* Exercise instructions *
The material below holds the lines to copy: from the one with "Derbies Antonin - Cuir pull-up terracotta" up to and including the one with "mens t shirts". Copy them exactly and skip the pictures.
--- Exercise materials Enclosed Below ---
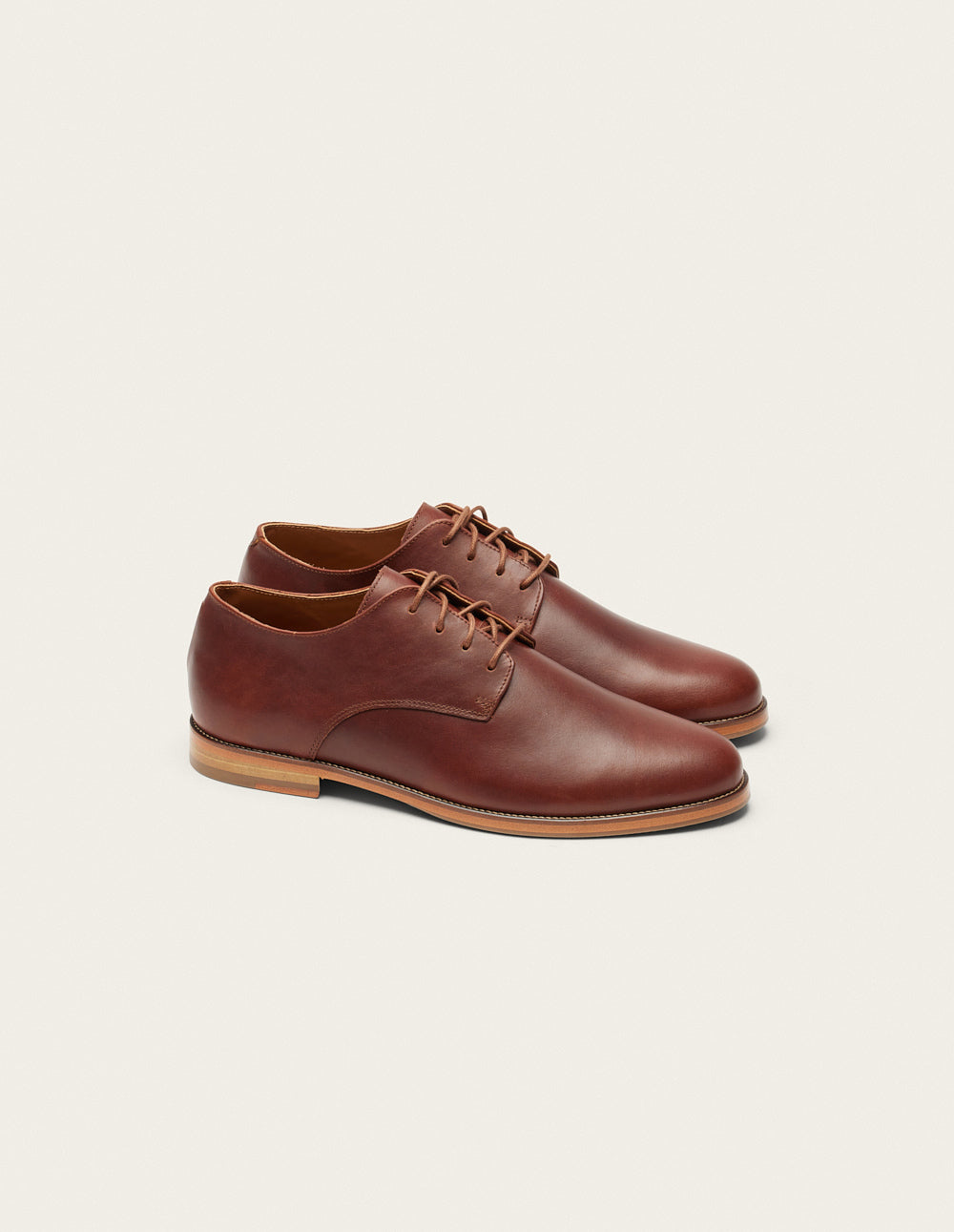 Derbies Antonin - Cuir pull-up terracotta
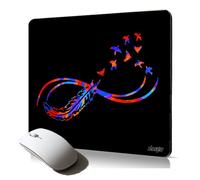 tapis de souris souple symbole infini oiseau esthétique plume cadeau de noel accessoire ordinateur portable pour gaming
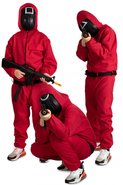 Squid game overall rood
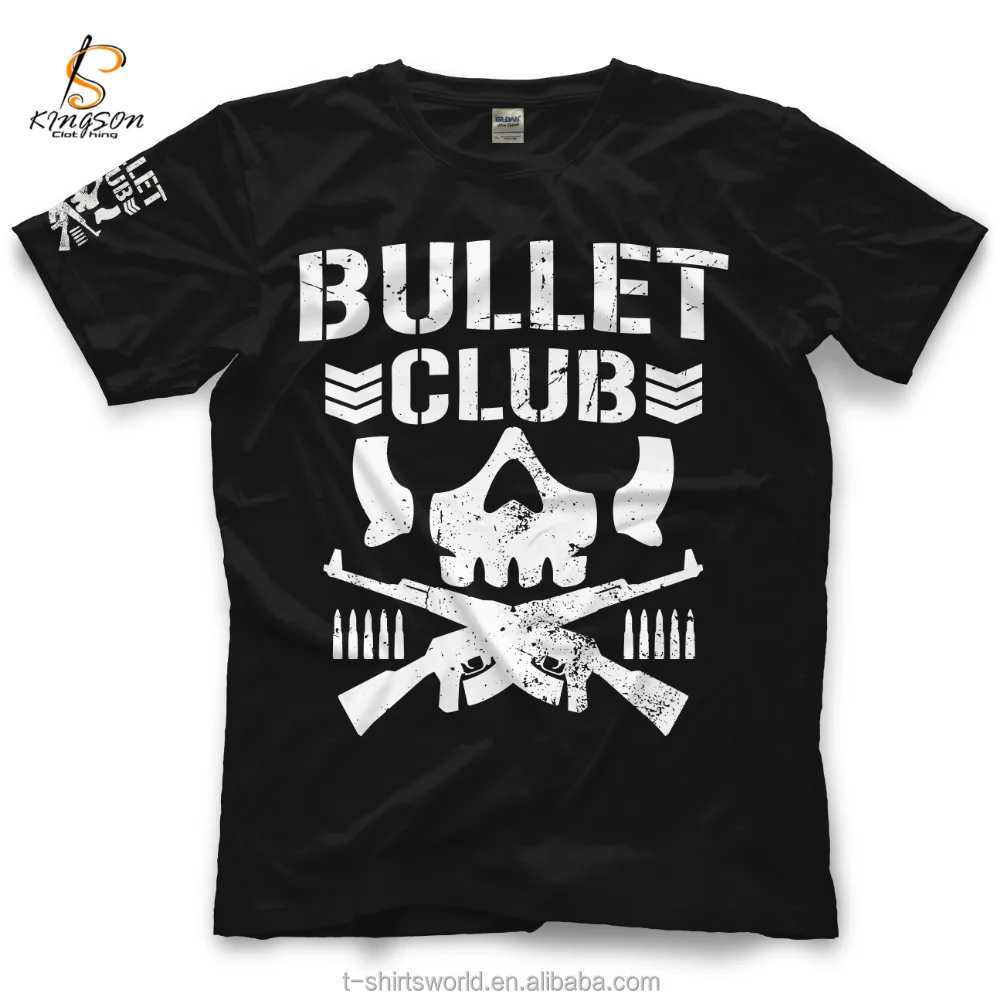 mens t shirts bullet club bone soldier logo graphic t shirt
--- End of Enclosed Exercise materials ---
--- Exercise materials Enclosed Below ---
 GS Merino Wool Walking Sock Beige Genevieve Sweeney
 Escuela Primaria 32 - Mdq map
--- End of Enclosed Exercise materials ---
--- Exercise materials Enclosed Below ---
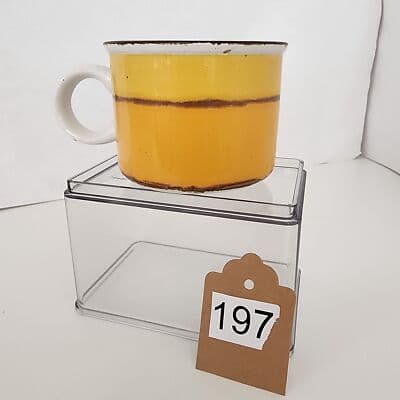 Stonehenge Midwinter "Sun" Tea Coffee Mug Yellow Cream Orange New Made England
--- End of Enclosed Exercise materials ---
* Final answer *
 Derbies Antonin - Cuir pull-up terracotta
 tapis de souris souple symbole infini oiseau esthétique plume cadeau de noel accessoire ordinateur portable pour gaming
 Squid game overall rood
 mens t shirts bullet club bone soldier logo graphic t shirt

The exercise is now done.